Lo afferma il Tribunale regionale amministrativo della Lombardia (Tar) che si pronuncia sulla questione riguardante il Comune di Corteno Golgi (Brescia). Il Comune (nello specifico il responsabile del Servizio Tecnico) ha emesso un provvedimento con il quale ha respinto la domanda di concessione edilizia presentata - nel lontano 1999 - dal proprietario di una segheria per mancato rispetto della distanza minima dal torrente Ogliolo.

Lungo la sponda sud del torrente vi sono vari edifici un tempo adibiti a segheria. La vicinanza al torrente consentiva, infatti di utilizzare l'acqua come energia motrice in grado di azionare i macchinari per il taglio del legno. Uno di questi edifici è la storica Segheria Veneziana (recentemente recuperata come museo). Accanto alla Segheria Veneziana si trova ed è in funzione una moderna segheria che produce tetti in legno e capriate lamellari.

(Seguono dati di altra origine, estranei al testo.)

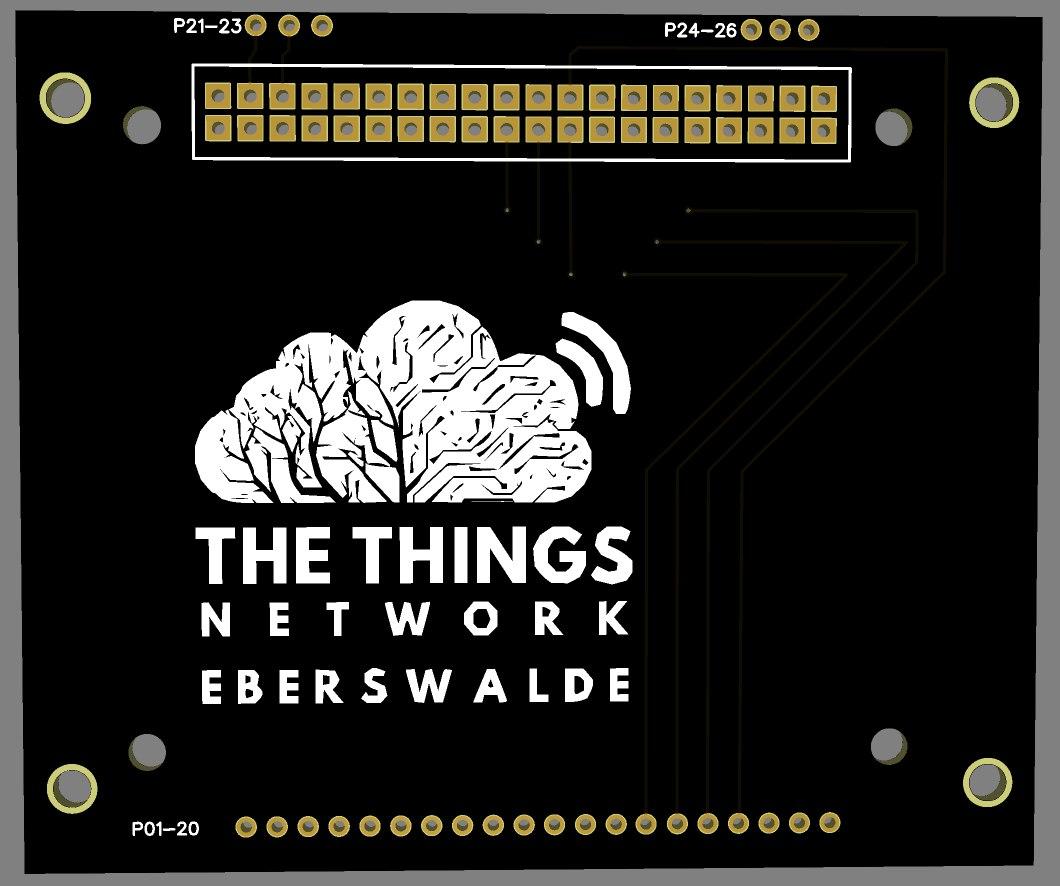 GitHub - saiboto/fit_research_semester_III: The use of the IoT ...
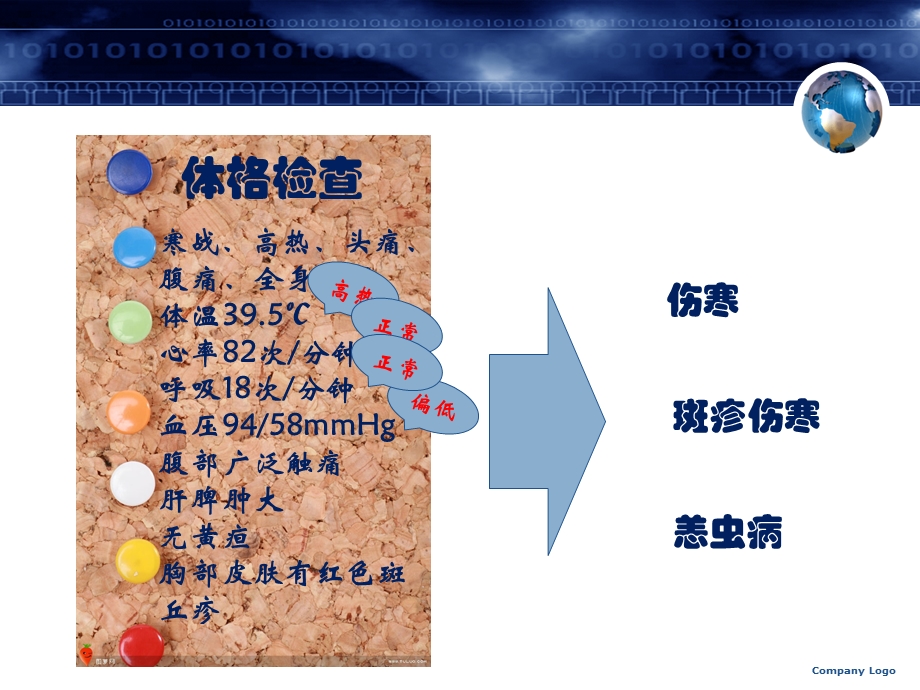 伤寒的鉴别诊断.ppt_第3页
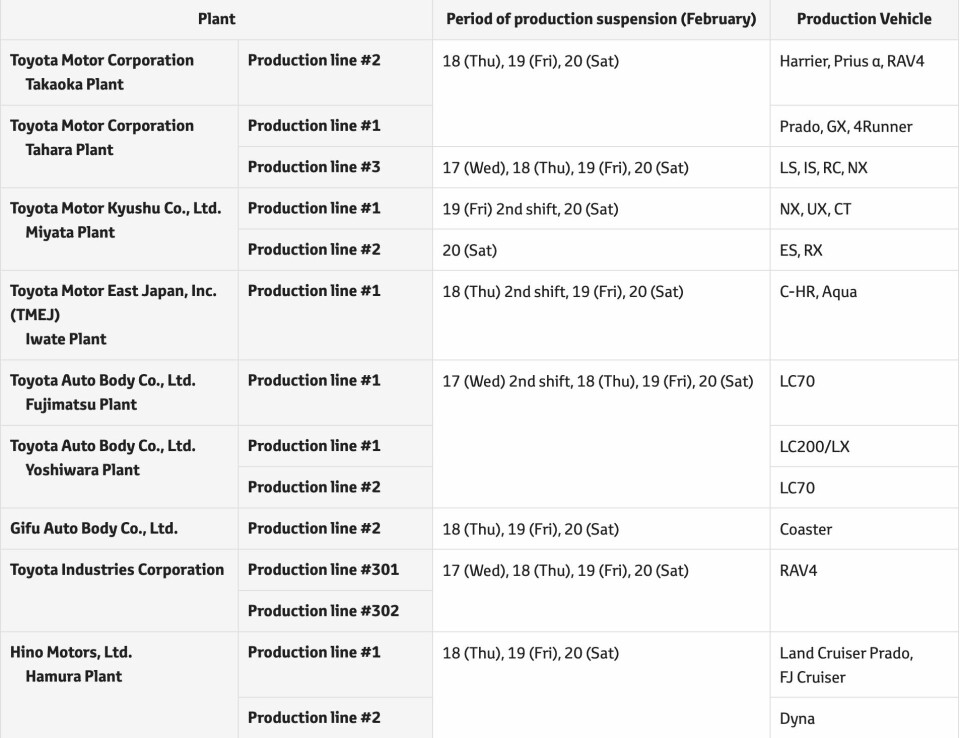 Fukushima earthquake hits automotive and semiconductor supply chains Toyota plants affected by earthquake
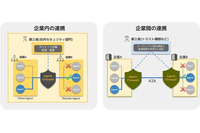 AI エージェント間の安全安心な連携を実現「Agent Firewall(仮称)」プロトタイプ開発 画像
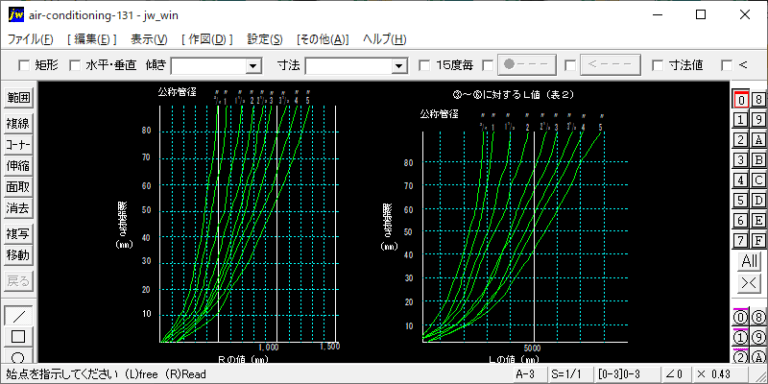 エキスパンションループ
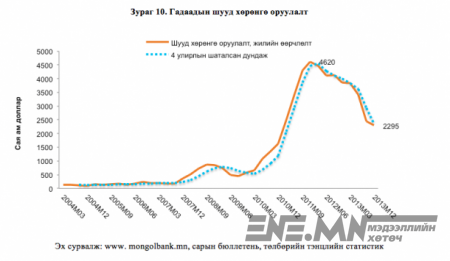 2012-2014 хооронд Монголын эдийн засгийг хэрхэн самарсан бэ? (фото)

Il compendio immobiliare si compone di diversi mappali dove insistono alcuni edifici, un silos e alcuni spazi aperti utilizzati per movimentazione e deposito. E in corrispondenza di uno di questi spazi (in parte occupato da una tettoia) il proprietario della segheria ha progettato la realizzazione di un capannone con superficie pari a 444,78 mq, che dovrebbe integrare la dotazione aziendale.

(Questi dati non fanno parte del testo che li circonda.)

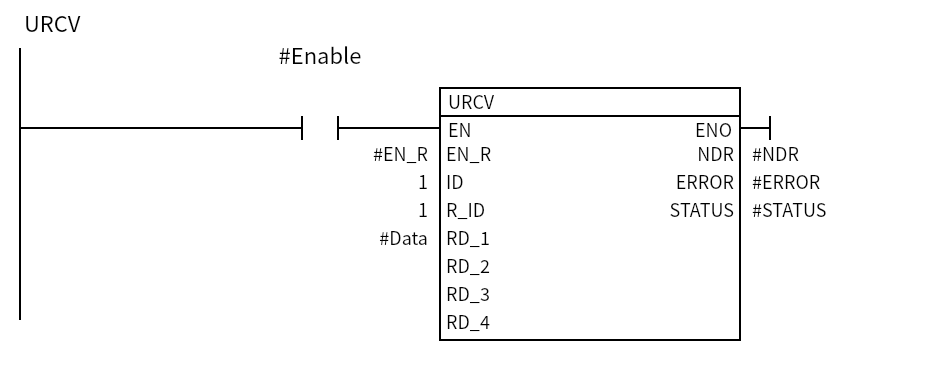 URCV_Receive16:Network 1 — URCV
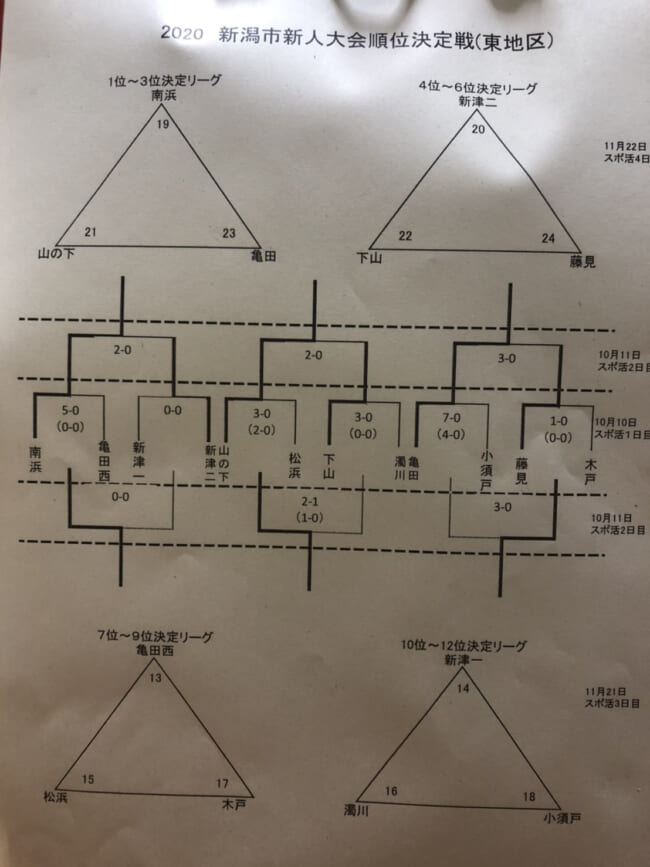年度 新潟市中学校新人大会サッカーの部 新潟県 順位決定リーグの結果お待ちしております ジュニアサッカーnews 年度 新潟市中学校新人大会サッカーの部 新潟県 順位決定リーグの結果お待ちしております ジュニアサッカーnews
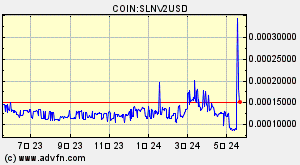 COIN:SLNV2USD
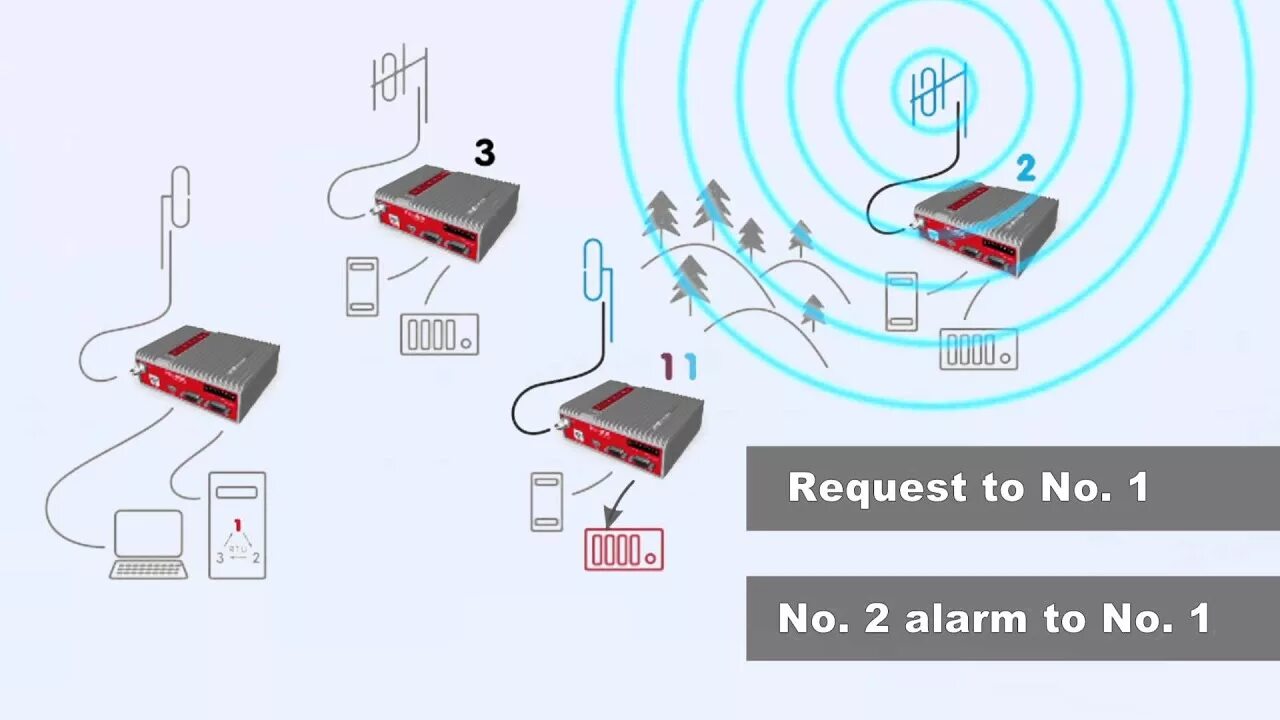 Router mode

Il capannone sarebbe di per sé conforme alla destinazione urbanistica (zona D - industriale e artigianale) ma il titolo edilizio è stato negato in quanto il Comune ha ritenuto che si configurasse un'ipotesi di nuova costruzione ricadente nella fascia del vincolo idraulico. E in effetti al momento della richiesta di concessione edilizia, nel punto prescelto non preesistevano materialmente altri edifici. Era chiaro inoltre che il capannone non poteva costituire lo sviluppo (tramite ristrutturazione e ampliamento) della piccola tettoia posta su una porzione del sedime di progetto, essendovi eccessiva sproporzione nelle dimensioni dei due manufatti. Ma il proprietario della segheria qualifica l'intervento come ristrutturazione evidenziando che nella mappa catastale del 1960 i mappali risultavano occupati da edifici. Vi sarebbero poi stati dei crolli negli anni 1962-1963, rispetto ai quali il nuovo intervento dovrebbe essere considerato come ricostruzione (con ampliamento). E nel 2006 è stato approvato un piano di recupero che ha permesso il consolidamento dell'edificio situato sui mappali contiguo allo spazio oggetto della vicenda in questione.

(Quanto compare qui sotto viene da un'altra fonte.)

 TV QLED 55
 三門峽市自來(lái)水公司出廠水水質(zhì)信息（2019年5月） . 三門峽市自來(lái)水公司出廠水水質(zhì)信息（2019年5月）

Ma la ricorrente sostiene che nel Comune di Corteno Golgi vi è un'antica consuetudine che ammette la costruzione sulle rive del torrente, e dunque la fascia sottoposta a vincolo idraulico sarebbe sostanzialmente azzerata.

Tesi non condivisa dal Tar che sottolinea la legittimità del potere del Comune relativo alla indicazione della fascia di rispetto dell'argine. E che individua nel piano urbanistico-edilizio lo strumento di tutela per quanto è stato edificato nel remoto passato nella fascia di rispetto. Un piano che permette, inoltre, il riconoscimento di nuovi diritti edificatori, nei limiti discrezionalmente stabiliti dagli strumenti pianificatori comunali.

Il Tar, però, afferma anche che la ricostruzione di edifici in rovina può essere ricompresa tra gli interventi di ristrutturazione. Tali scelte urbanistiche sono ampiamente discrezionali e corrispondono all'esigenza di garantire la certezza della situazione di base su cui si innestano la programmazione e la successiva trasformazione del territorio. Se nei piani urbanistici sopravvenuti il tema della riedificazione degli immobili in rovina non viene espressamente affrontato (e questa, per quanto risulta, è la situazione nel caso in esame) vale il principio privatistico che tutela nella sua interezza il diritto di proprietà, compresa la facoltà di ricostituzione materiale del bene.